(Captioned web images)
━━━

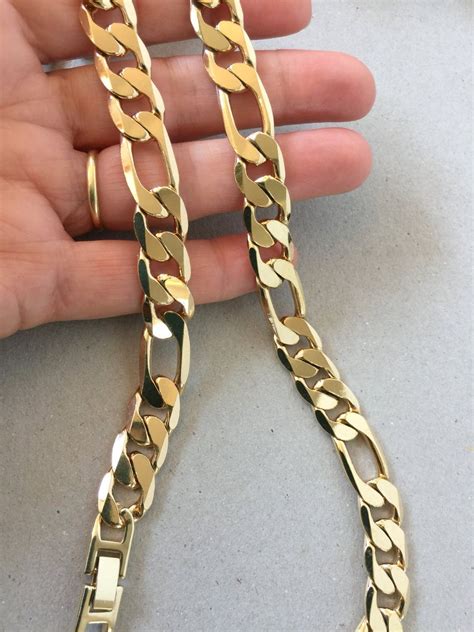 Thick Gold Figaro Chain Necklace Mm Wide Large Chunky Link Etsy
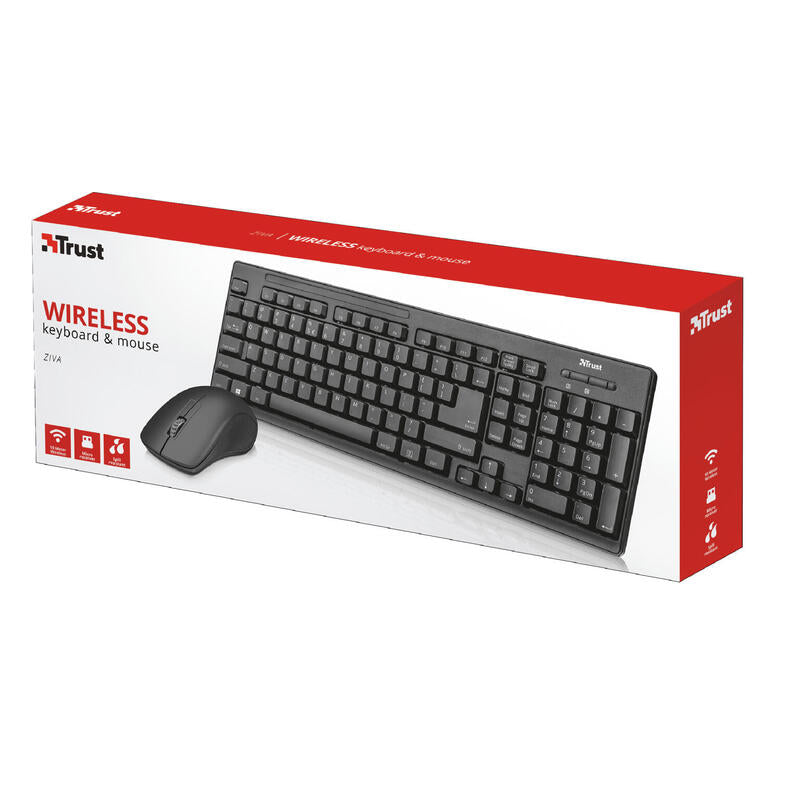 Trust Ziva Teclado Y Raton Inalambrico Negro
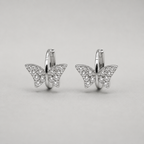 Butterfly  Hoop Earrings with Shimmering Pav‚ Crystals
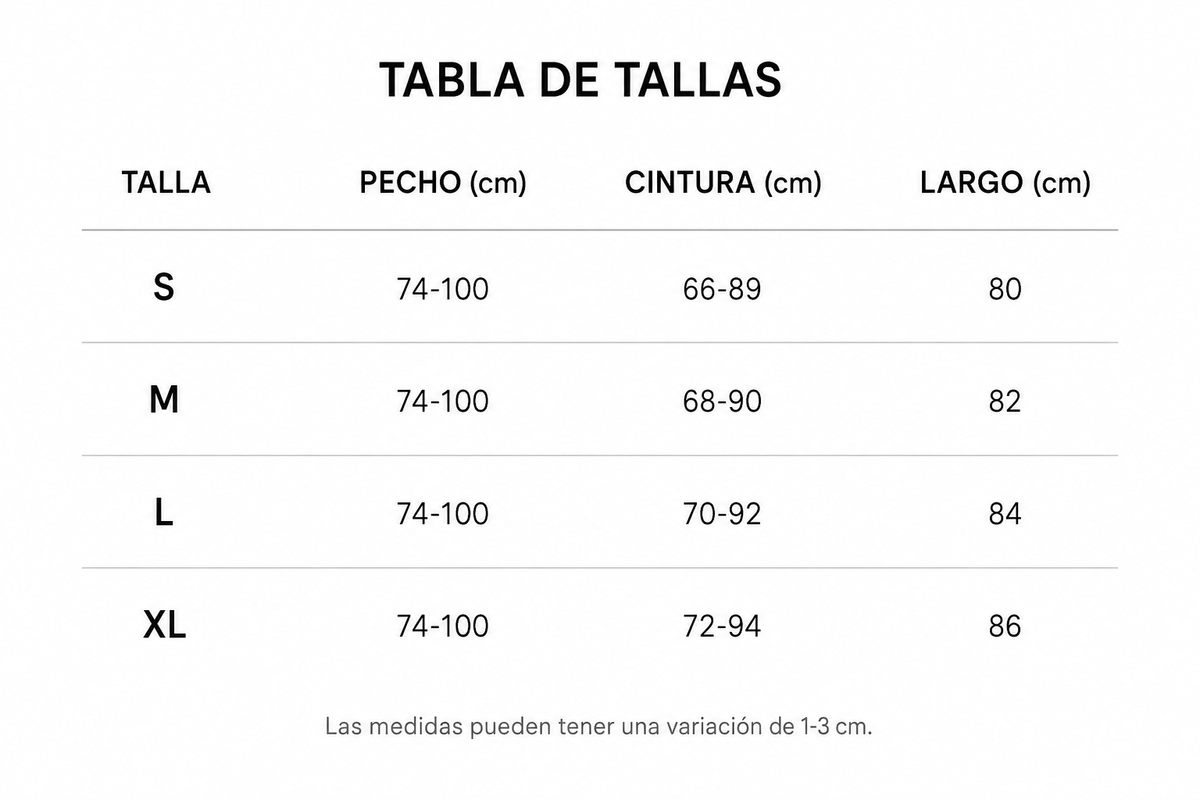 Tabla de tallas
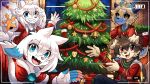 16:9 5_fingers aiden_(penguinexperience) anthro antlers bell canid canine canis christmas christmas_tree claws clothed clothing deer domestic_dog fingers floppy_ears fox group hair hi_res holidays horn inner_ear_fluff kemono ladon_(character) looking_at_viewer male mammal open_mouth open_smile pawpads penguinexperience plant smile smiling_at_viewer tail tree tuft white_hair widescreen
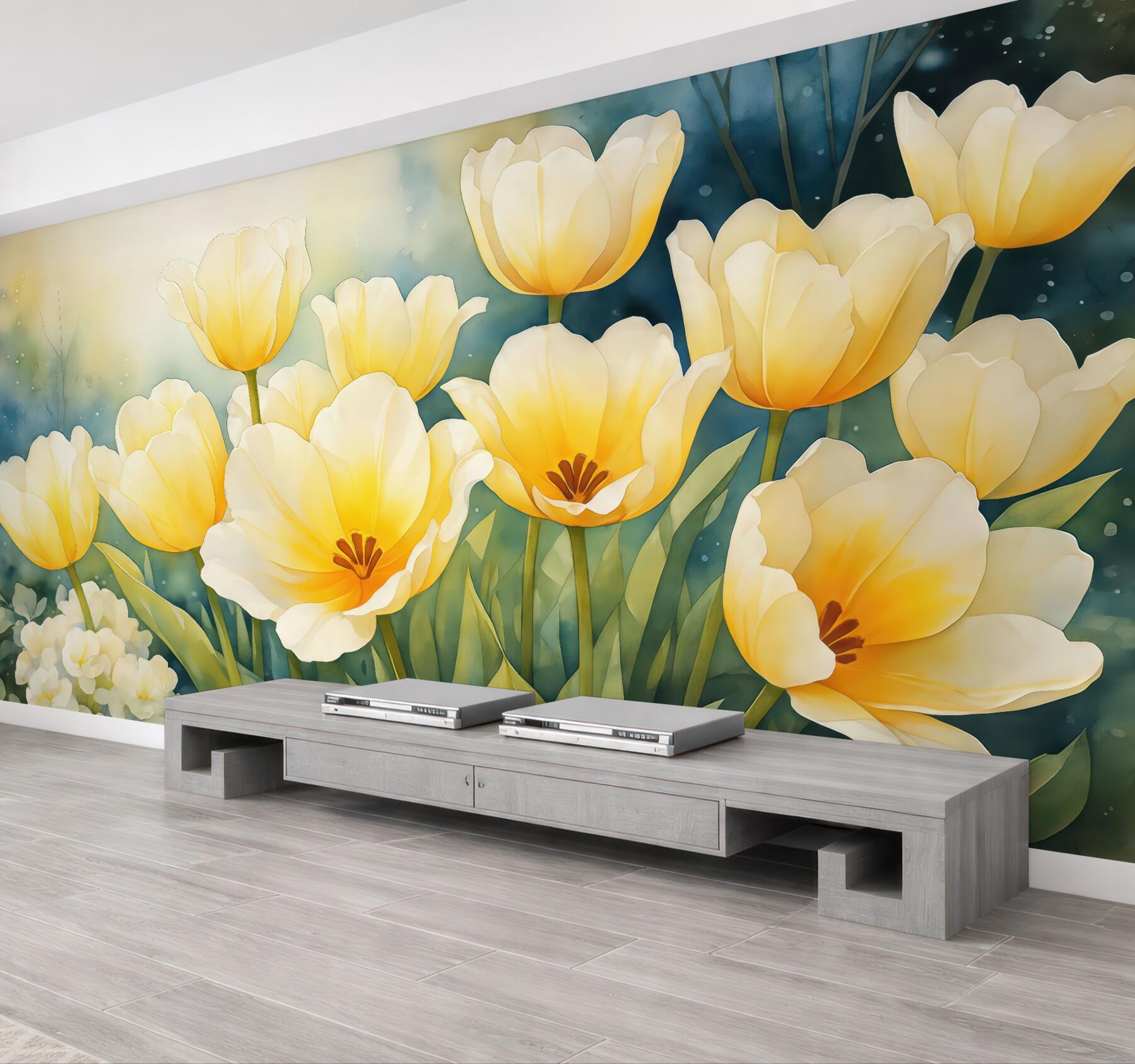 Fototapeta Tulipany w kolorze żółtym, akwarela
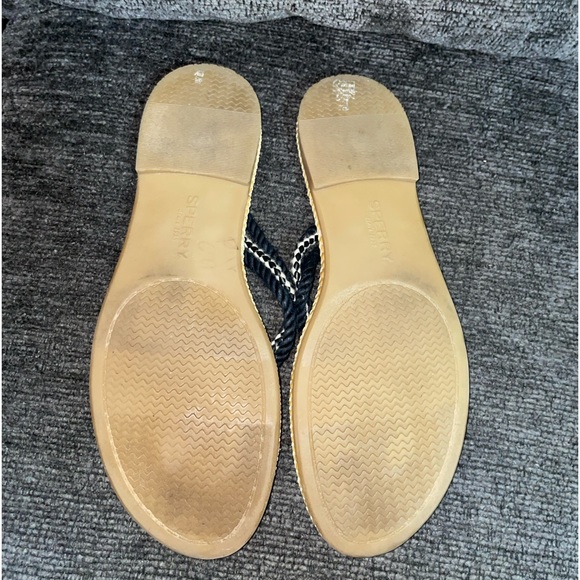 Sperry Black and white Rope Flip Flops Sz 9 - Picture 6 of 7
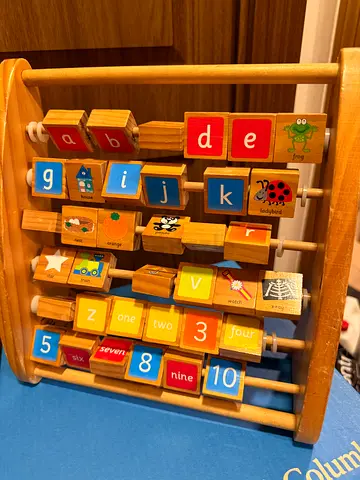 Wooden Rotating Block Counting & Alphabet Educational Toy — Good Condition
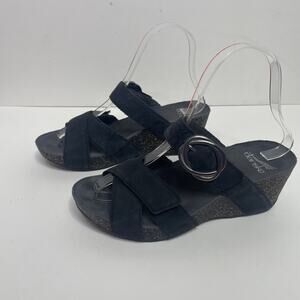 Dansko Susie Sandals Black Nubuck Open Toe Strap Wedge 3420360200 EU36/US5.5-6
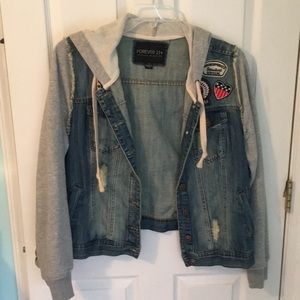 Forever 21 sweatshirt/jean jacket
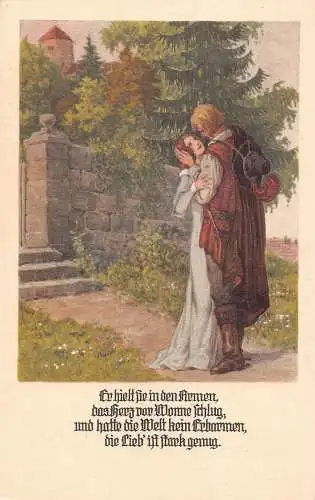 Paar umarmt zärtlich Gedicht Romantik Vintage Postkarte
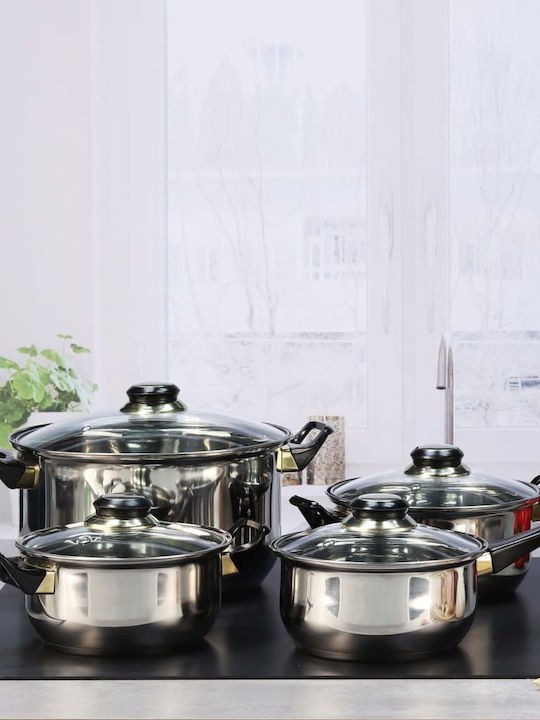 vidaXL Cookware Set of Stainless Steel with No Coating Silver 12pcs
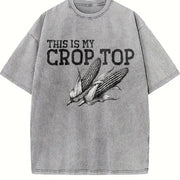 Retro This Is My Crop Distressed Vintage Washed T-Shirt in Gray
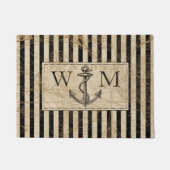 Old World Map Nautic Anchor Monogram Fußmatte (Vorderseite)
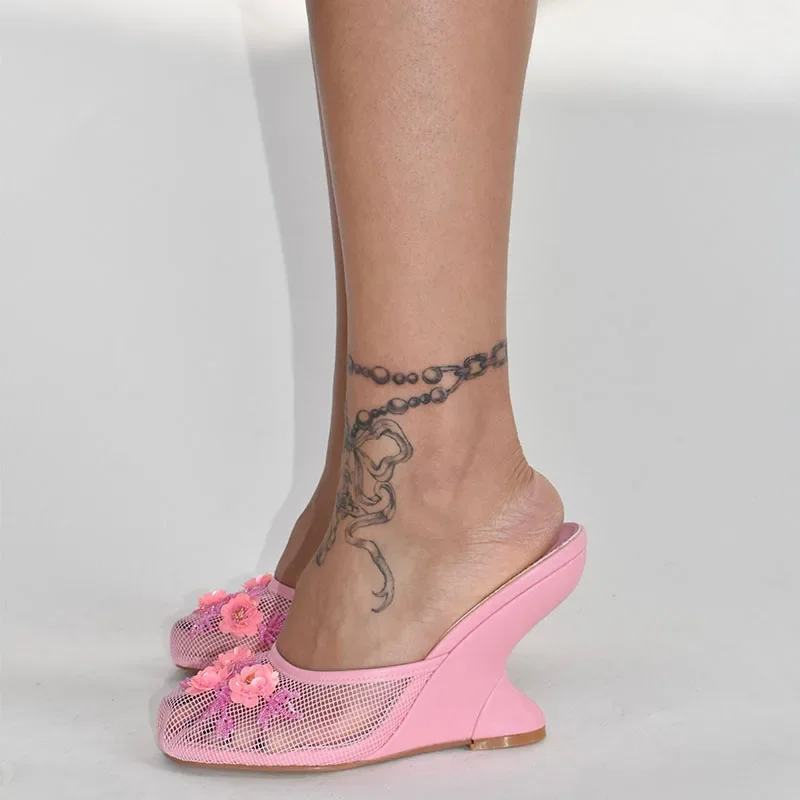 2026 New Women Mules Sandals Mesh Hollow Out Thick Sole Wedge Heels Summer Slip on Open Toe Casual Female Slippers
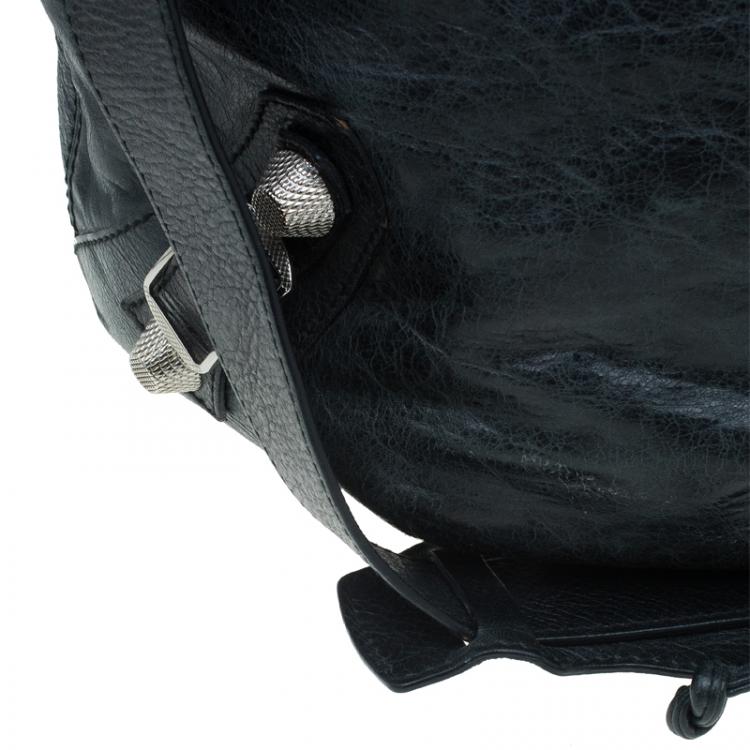 Pre Owned Balenciaga Dark Green Leather GSH Pompon Bag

━━━

Only the lines from where the data begins to the line with "Tabla de tallas", both of them included, should be reproduced word for word; no pictures.

• **Exercise output**
 Thick Gold Figaro Chain Necklace Mm Wide Large Chunky Link Etsy
 Trust Ziva Teclado Y Raton Inalambrico Negro
 Butterfly  Hoop Earrings with Shimmering Pav‚ Crystals
 Tabla de tallas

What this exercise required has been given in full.